• _TASK OBJECTIVE_
Verbatim copy, images omitted: return the full listing.

DATA PROVIDED: Begin

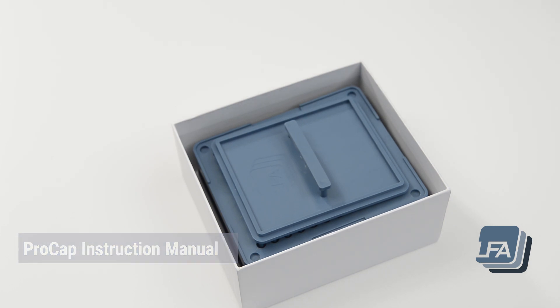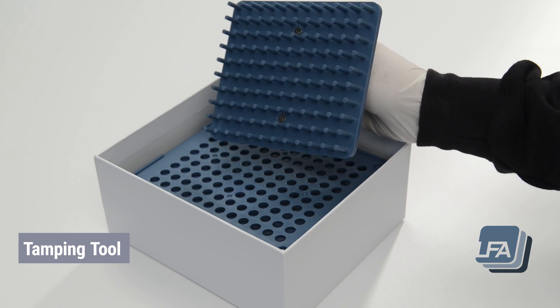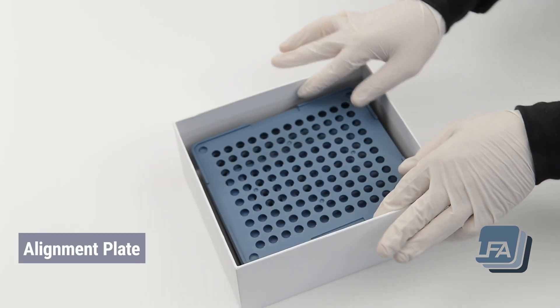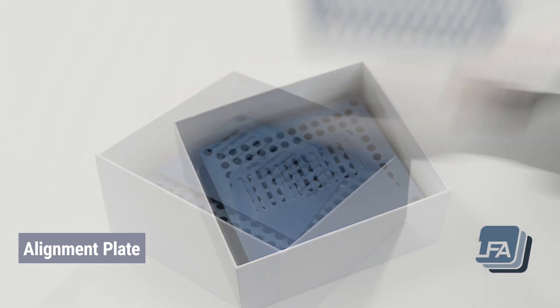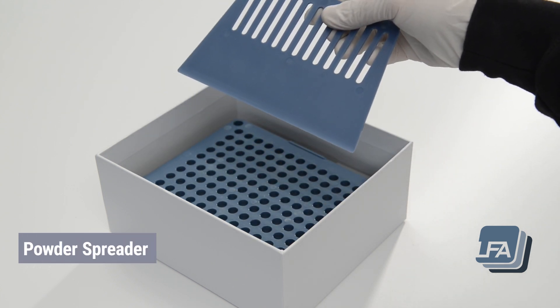When opening your new ProCap you should find the tamping tool, used to compact the powder gently. The alignment plate, used to load both the capsule bodies and the caps. The powder spreader, used to spread the powder across the capsule bodies.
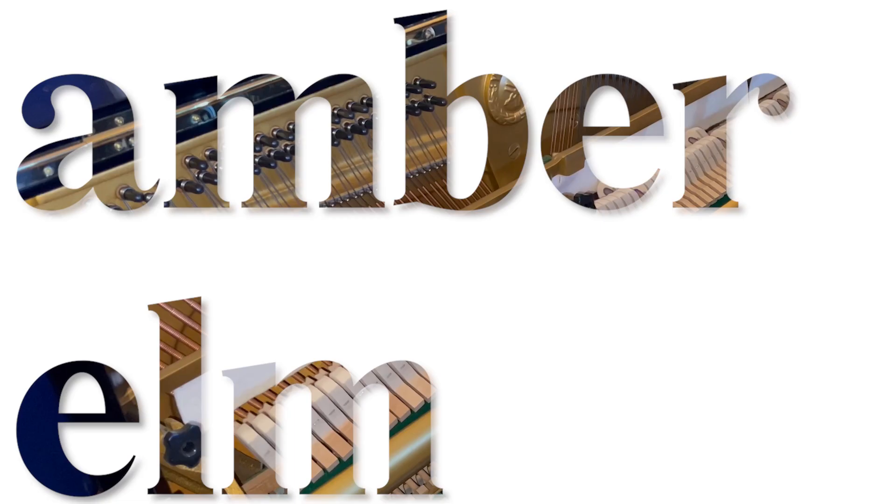Hi, I'm Ryan from Amber Elm. So this week, I wanted to talk a little bit about ways you can add color to your tracks. Now, there are probably countless ways to do this, especially depending on the type of music you like to write.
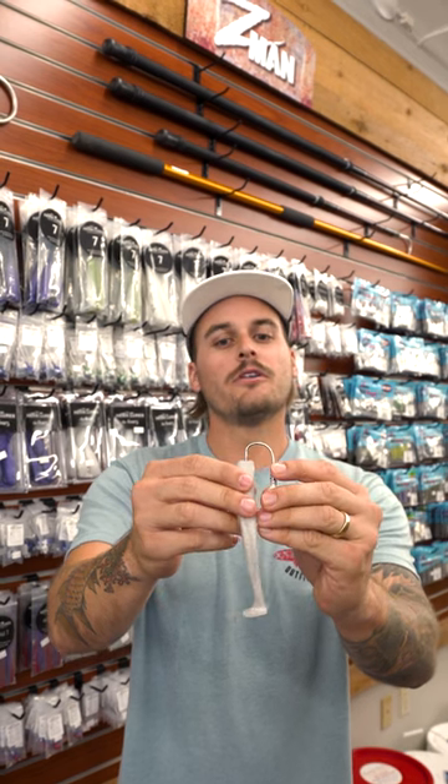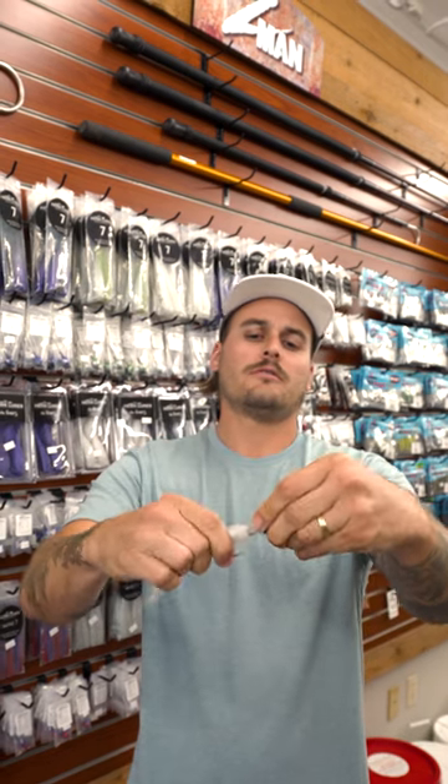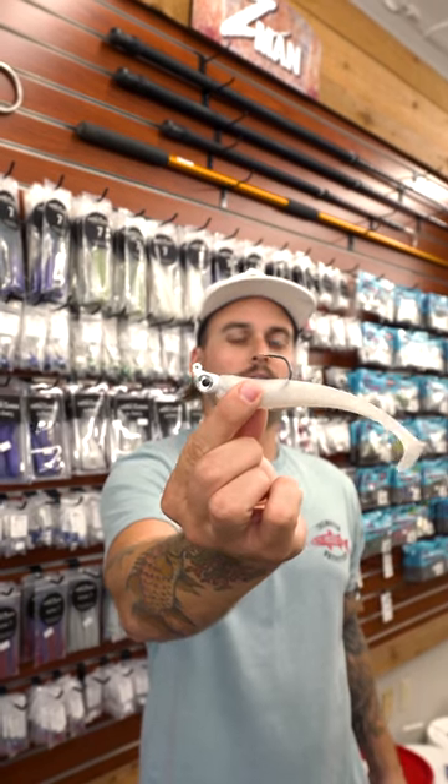Take that point of the hook, get it right in the middle, bring it through and pull it out, and make sure it sits nice and flush with the bait — and you have it.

DATA PROVIDED: End

• _RESULT OF THIS EXERCISE_
When opening your new ProCap you should find the tamping tool, used to compact the powder gently. The alignment plate, used to load both the capsule bodies and the caps. The powder spreader, used to spread the powder across the capsule bodies.
Hi, I'm Ryan from Amber Elm. So this week, I wanted to talk a little bit about ways you can add color to your tracks. Now, there are probably countless ways to do this, especially depending on the type of music you like to write.
Take that point of the hook, get it right in the middle, bring it through and pull it out, and make sure it sits nice and flush with the bait — and you have it.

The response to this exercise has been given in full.